Use other kinds of threads (e.g., operating system threads) for the latter two purposes.
You may be able to mix Kokkos' parallelism with other kinds of threads;
see Section \ref{SS:Model:Exec:ThreadSafety}.
Kokkos' developers are also working on a task parallelism model
that will work with Kokkos' existing data-parallel constructs.
\paragraph{Reproducible reductions and scans}\label{SS:Model:Exec:Repro}
Kokkos promises \emph{nothing} about the order in which the iterations of a parallel loop occur.
However, it \emph{does} promise that if you execute the same parallel reduction or scan,
using the same hardware resources and run-time settings,
then you will get the same results each time you run the operation.

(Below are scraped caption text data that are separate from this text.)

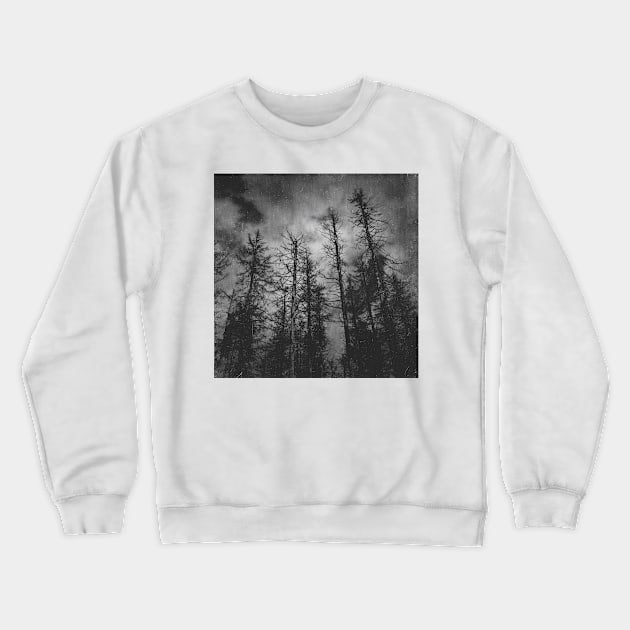 Transmission Crewneck Sweatshirt by Tordis Kayma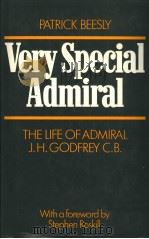 VERY SPECIAL ADMIRAL（ PDF版）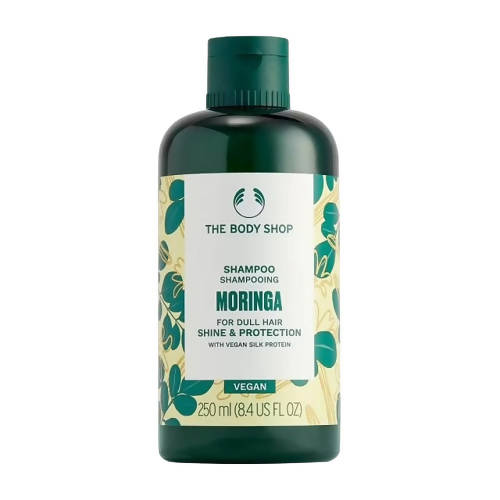 The Body Shop Moringa Shine & Protection Shampoo  Grab2Buy The Body Shop Grab2Buy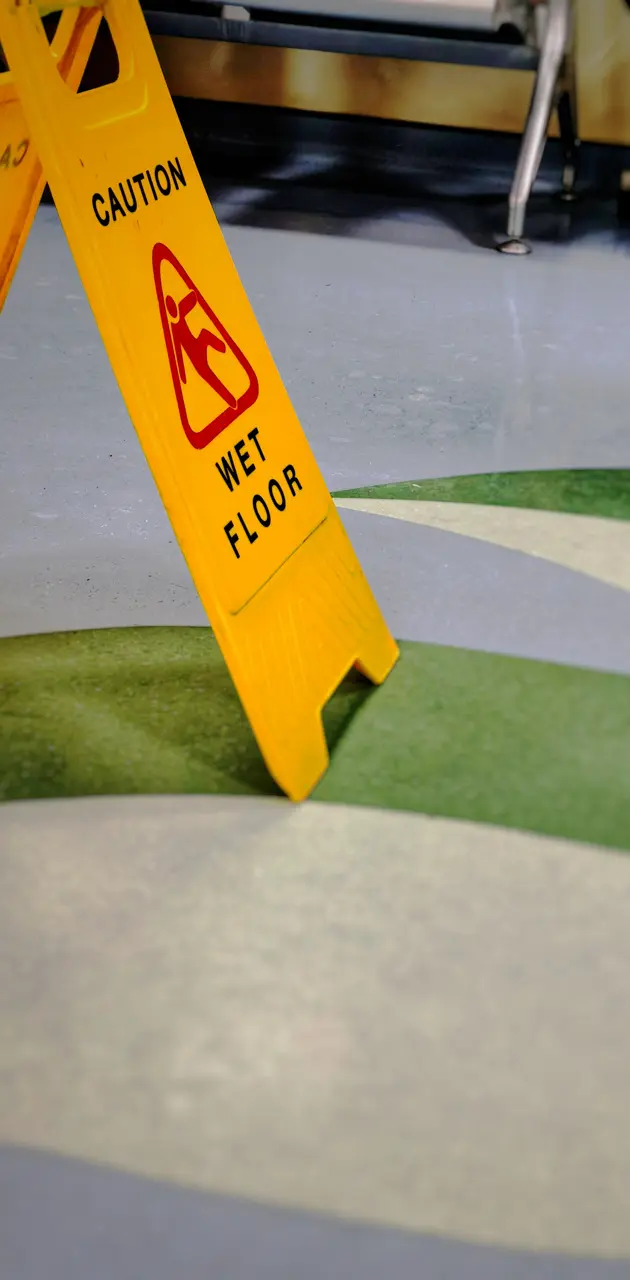 Wet Floor 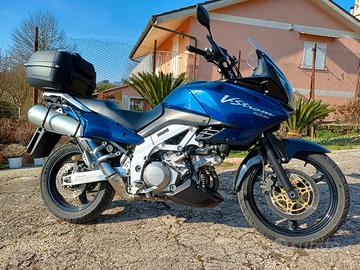 Suzuki V-Strom 1000 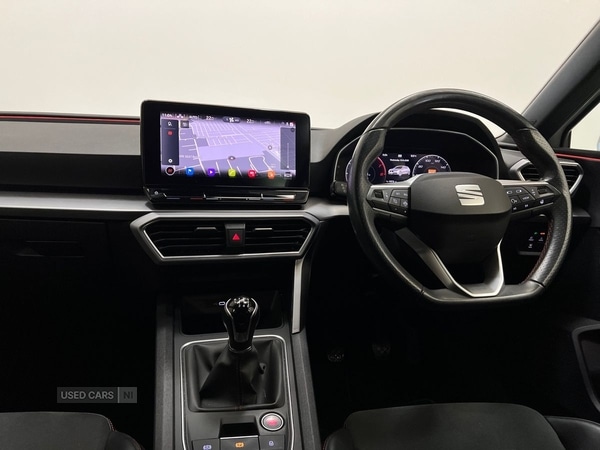 Used SEAT Leon 2021 for sale - 78128368: Photo 23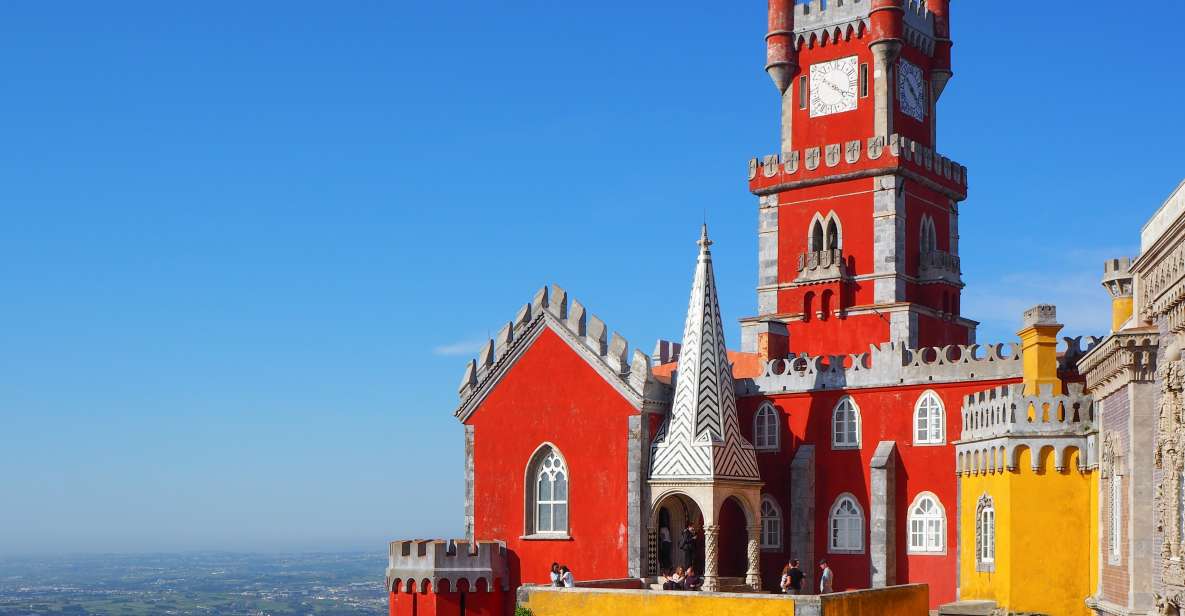 From Lisbon: Sintra and Cascais Private Tour - A Private Door-to-Door Day With Real Time Management
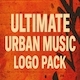 Ultimate Urban Music Logo Pack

``Same results'' even means ``with respect to floating-point rounding error.''
\paragraph{Asynchronous parallel dispatch}\label{SS:Model:Exec:Async}
This concerns the second category of code, that calls Kokkos operations.
In Kokkos, parallel dispatch executes \emph{asynchronously}.
This means that it may return ``early,'' before it has actually completed.
Nevertheless, it executes \emph{in sequence} with respect to other Kokkos operations on the same execution or memory space.
This matters for things like timing.
For example, a \lstinline!parallel_for! may return ``right away,''
so if you want to measure how long it takes,
you must first call \lstinline!fence()! on that execution space.
This forces all functors to complete before \lstinline!fence()! returns.
\subsection{Thread safety?}\label{SS:Model:Exec:ThreadSafety}
Users may wonder about ``thread safety,'' that is,
whether multiple operating system threads may safely call into Kokkos concurrently.
Kokkos' thread safety depends on both its implementation,
and on the execution and memory spaces that the implementation uses.
The C++ implementation has made great progress towards (non-Kokkos) thread safety of View memory management.
For now, however, the most portable approach is for only one (non-Kokkos) thread of execution to control Kokkos.
Also, be aware that operating system threads might interfere with Kokkos' performance,
depending on the execution space that you use.
Thread safety with respect to Kokkos' threads is a different matter.
View (see Chapter \ref{C:View}) promises safety of its memory management.
That is, you may safely access Views inside of Kokkos' parallel operations.
Kokkos provides some synchronization constructs as well; see the following section.